Test outcomes May 2011
The key test outcomes of this workshop were;
- The telecast lessons needed to be improved. They were not very engaging and there was a need to develop a plan on how to use them in school in a way that teachers and students would still have time to do assignments;
- It became clear that the biggest need was to improve the knowledge and skills of teachers. To benefit the (girl) students, teachers need to be helped first;
- To facilitate the teachers, a consultation line was co-created. With a helpline teachers can ask their questions about the curriculum to the master teachers. A sponsorship with telecom Roshan was set up;
- A competition for students was set up in order to peak interest in the telecast contents, to test the students’ knowledge and to increase subject knowledge.
Test outcomes October 2011
In October 2011 a test workshop was conducted to see if the proposed solutions were working according to plan and to further finetune the project according to the needs of students and teachers. The key outcomes of this workshop were;
- telecast lessons: the trainings of the master trainers were very useful and they picked up all tips and tricks quickly. The telecast lessons will be further improved;
- consultation line: together we came to a concept that allows students and teachers to call in with questions and send in answers to the competition questions;
- tablets: during the co-creation workshop of May 2011, Butterfly Works tested if the use of tablets in schools will support the aim of the project. A large number of apps (small applications) and educational games are available for Android phones and tablets can be helpful in explaining concepts of maths, geometry, physics and chemistry. The educational apps proved to be supportive but Butterfly Works recommended to focus first on the improvement of the telecast lessons and the implementation of the consultation line. Because the helpline is not yet implemented, it was too early to start testing the tablets.
Test outcomes October 2012
In October 2012, when the project ran for about one and a half years and the core hick-ups had been addressed, further research was done. This research focussed on how to create a (even) bigger focus on girls, the steps that should be taken in the innovate elements (incl. usability and costs) of the project and how to increase the participatory learning. the key outcomes of the workshop were;
- The telecast lessons are a big help for teachers, since most of them have very little/insufficient knowledge of the new curriculum.
- The questions posed by the master trainers also strongly encourage student participation.

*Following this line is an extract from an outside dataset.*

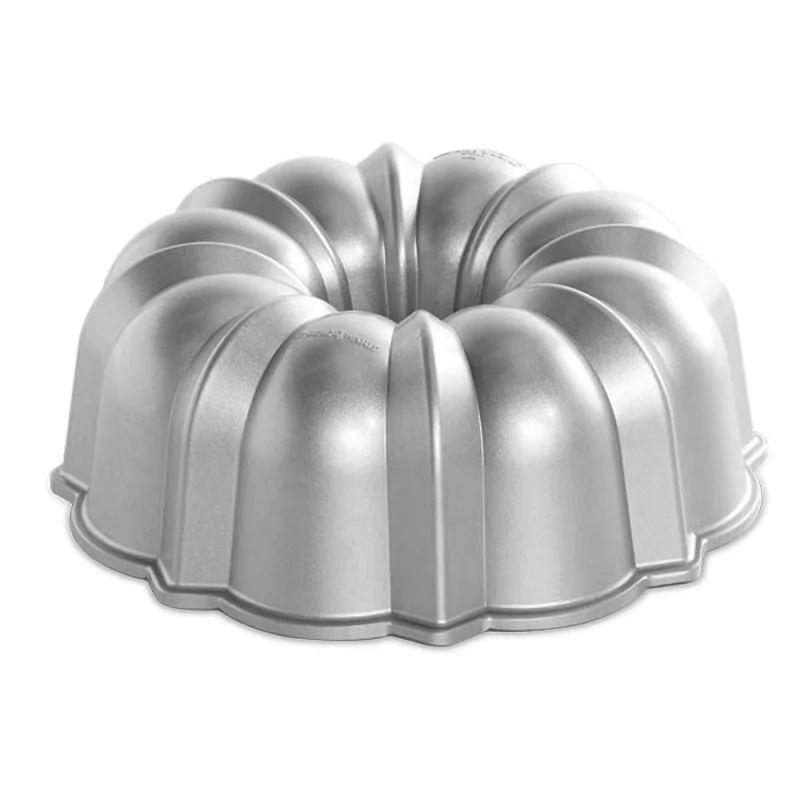 Nordic Ware Commercial Cast Aluminum Original Best Bundt Pan - 12 Cup Capacity Nordic Ware Commercial Cast Aluminum Original Best Bundt Pan - 12 Cup Capacity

- There is a strong request to extend the lessons for grades 10, 11, 12 and not to focus only on Beta subjects but also add subjects as English and computer lessons, because these provide better job opportunities for girls.
- The competition is highly appreciated by the students.
- The concept of having a live telecast, is not suitable for upscaling because of the broadcasting costs. Also, it will be very hard to get all the school schedules aligned when upscaling to other provinces.
Test outcomes April 2013
Between October 2012 and April 2013, partners worked on the fine-tuning of the concept. In April 2013 a testing workshop with students, teachers, community leaders and the project lead staff of Oxfam Novib and CHA was held at a girls school in Parwan to find the best device to replace the live telecast lessons. The workshop started with sessions to collect the challenges of the project partners and students in order to take this into account in the fine-tuning of the concept. The devices tested were:
- a smart phone with an integrated projector
- a projector with a SD card reader
- a TV with a SD card reader / DVD player
- a featured phone with a SD card reader and the possibility to monitor connected with a projector
The ourcomes of the workshop was the fine-tuned concept. The TV was valued best in terms of visibility, ease of use and it is a very familiar device for all users. Yet the projector is the best scalable solution, because of the low power consumption and the possibility to move from class to class. The teachers valued the pre-recorded lessons since they can pause and replay them. From a learning perspective the featured phone connected to the projector would be best since it will allow to have data on the use of the video’s and equipment.